=== TASK ITEM ===
Print the line containing "Kolam renang outdoor" and each line after it through the end of the material below, exactly as it appears, but skip the pictures.

=== DATASET EXCERPT ===

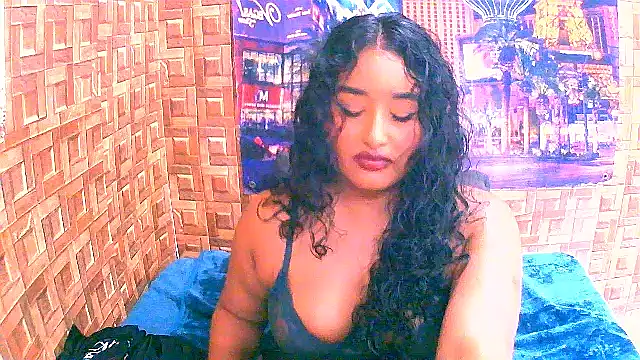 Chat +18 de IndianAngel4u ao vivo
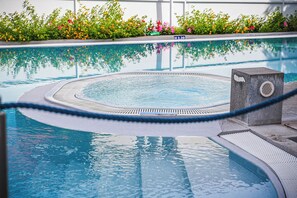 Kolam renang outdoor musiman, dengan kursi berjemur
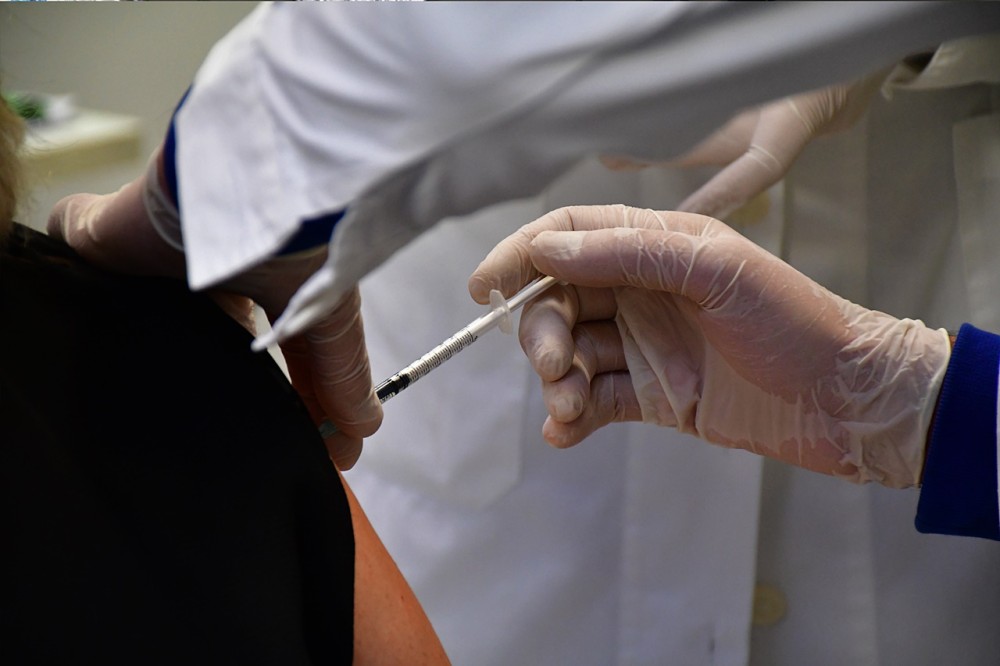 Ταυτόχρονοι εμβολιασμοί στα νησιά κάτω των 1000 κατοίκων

=== WRITTEN ANSWER ===
 Kolam renang outdoor musiman, dengan kursi berjemur
 Ταυτόχρονοι εμβολιασμοί στα νησιά κάτω των 1000 κατοίκων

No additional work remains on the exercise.